__TASK TO CARRY OUT__. An exact transcription of all the records is required, minus the images.

[INPUT MATERIAL Boundary: Start]

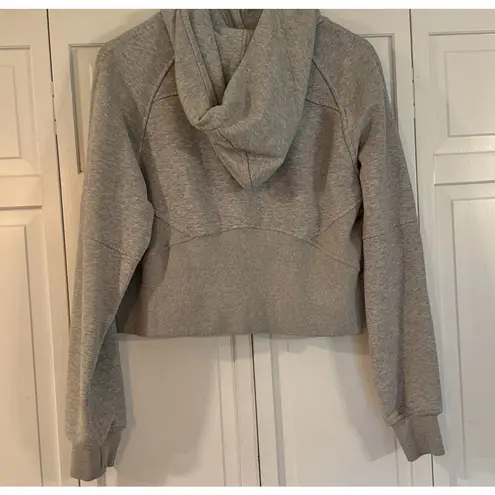 Trendy Queen grey scuba cropped quarter zip hoodie sweatshirt M Gray Size M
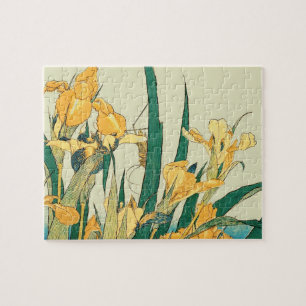 Hokusai grasshopper and iris Japan Jigsaw Puzzle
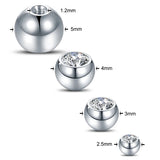 10Pcs G23 Titanium Crystal Balls Screw Nipple Labret Tongue Barbell Earrings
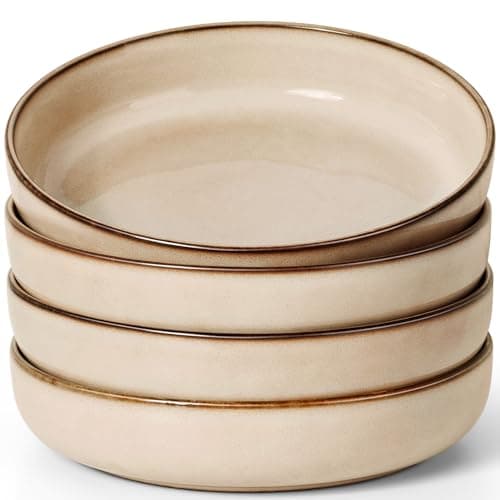 Image of Herogo Pasta Plates and Bowls 4-Piece Set, 37 oz Stoneware Large Wide Shallow Bowls for Salad, Soup and Cereal, Microwave and Dishwasher Safe, Cream &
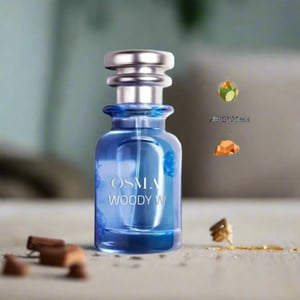 Blue perfume bottle labeled 'Osmia Woody W' with flavor icons on a light gray background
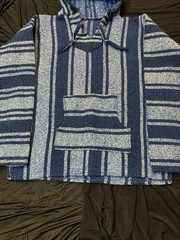 Royal Blue Striped Grunge Knit Sweatshirt Pullover Hoodie | Unisex Size S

[INPUT MATERIAL Boundary: End]

__SOLUTION__.
 Trendy Queen grey scuba cropped quarter zip hoodie sweatshirt M Gray Size M
 Hokusai grasshopper and iris Japan Jigsaw Puzzle
 10Pcs G23 Titanium Crystal Balls Screw Nipple Labret Tongue Barbell Earrings
 Image of Herogo Pasta Plates and Bowls 4-Piece Set, 37 oz Stoneware Large Wide Shallow Bowls for Salad, Soup and Cereal, Microwave and Dishwasher Safe, Cream &
 Blue perfume bottle labeled 'Osmia Woody W' with flavor icons on a light gray background
 Royal Blue Striped Grunge Knit Sweatshirt Pullover Hoodie | Unisex Size S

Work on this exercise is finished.